Autumn has come (photographically speaking) in central Europe, and we could not wait to see the first fall colours inundating the slopes of the Alps. A few days ago we visited the area of Saas Valley, in Valais, and the still green larches from the valley bottom have already turned to gold at higher altitudes. We spent a night up there in what seemed to be the last "decent" temperatures of the season and experienced a great sunset, star-filled night and wonderful sunrise. Although the panoramic images are still in the lab, I decided to post one of the digital captures we took there.
To the tell you the truth, this images is quite unconventional, taking into account nice autumn colours scream for colour images normally. However, there are some times you really know black and white will enhance the message and visual impact of the image...and this was one of those cases.
When talking about composition to my students, i have always hated to talk about "rules". For me, there are no real rules of compositions. As Eliot Porter said, "thinking about rules of composition when taking an image is like consulting the laws of gravity before going for a walk. If you really twist my arm asking for "rules", I would tell you: Simplify, and make the abstraction of the subject matter into its visual building blocks...This later part means: instead of looking at a certain part of the landscape and seeing "trees", "rocks", "water", "clouds" and "mountains", you should see tones, colours, lines, shapes, balance between elements, visual tension, repetitions, visual echos, textures, patterns,...It is only in this way that you will become a visual artist, and not a simple snapshooter. If you want images than transcend the simple denotations, you need much more than a nice subject and a great light.

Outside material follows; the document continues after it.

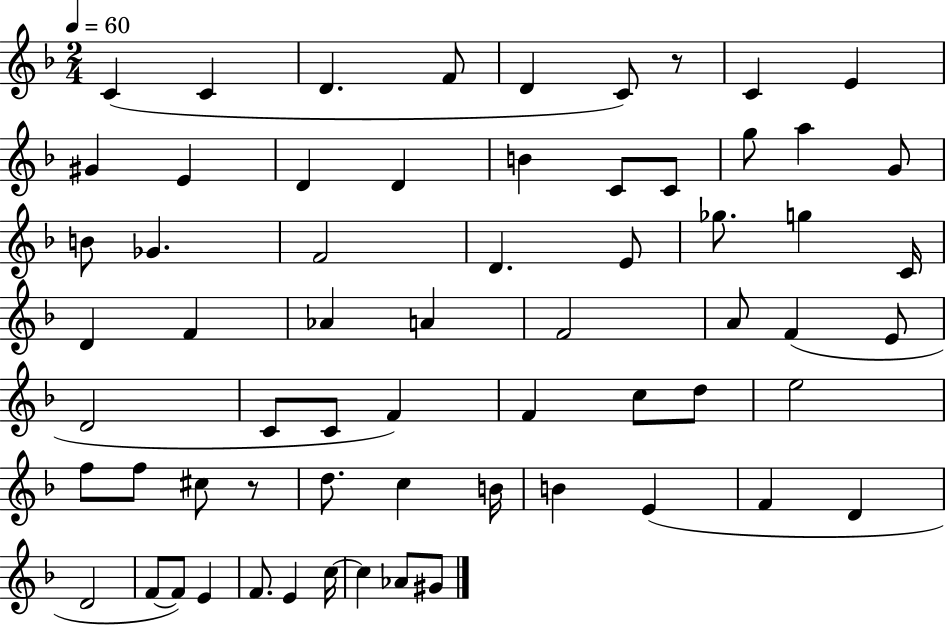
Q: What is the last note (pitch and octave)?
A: G#4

You need to take your responsibility as photographer, and do that so important part of the job which consists in putting a frame around a little piece of reality to show it to others, in a way it conveys the message you want to be conveyed. And to do this, you need to stop thinking in terms of "subjects depicted" or "tags" and start thinking in terms of visual components for your image.
If you take a look at this image, the real message is the drama of the alpine world, a dynamic image showing what anyone might feel when in the mountains. This message is conveyed by means of that channel of expression which is completely linked to the depicted subject matter. In this case, the fury of the elements (the water raging down the valley), the mineral raw material which created the whole thing (the rock boulders) and the majestic peaks towering over the whole, almost touching that sky with booming clouds where the back light and god beams add to the drama. If these elements depicted help transmit the message, the sole channel of the subject matter represented in the image is not enough for a really strong image. We need to use or accompany that by a second channel of expression in a coherent way: what I call the structural or formal expression of the image. This means we need to use the visual building blocks which are the base for any visual design, as words which put in a certain order convey and highlight the same message or evocative feeling we want to pass with our image content. In this example, the photograph is about dynamism, drama, intemporality, wilderness and raw natural force.
This message is conveyed by using a diagonal lines, triangular shapes (you might be able to count more than 12 different triangles here), a high overall contrast, a shutter speed which retains a strong texture in the water but shows its movement, the back lighting, the sharp angles and rugged texture of the rocks, the wide richness of tones, the depth created by the water getting diagonally into the frame and bouncing in zig zag as it enters the image, the diminishing perspective (trees becoming smaller as they get far away)...and the black and white conversion.
Black and white here does two things: it takes away an extra dose of documentary or realistic level and elevate the image to a higher level of connotations, and most of all, focuses the attention to the strong visual qualities of the composition without adding an extra layer of information which would not have added as much expression but more complexity. In a way, getting rid of the colour, you see much easier the wonderful textures, lines, shapes of the scene, and savour much slower the strong composition of the scene. In a way, with the black and white conversion I opted for strengthening the message conveyed by the visual building blocks of the image, even if I had to sacrifice the richness of the autumn colour at the level of the subject matter. It adds, therefore, a timeless quality to the image, which corresponds very well with that image of imtemporality which we associate to these rock giants. However, as in every artistic endeavour, the taste might be different and some people might prefer a colour rendition...In the end, the is no real truth, and that is the funny thing!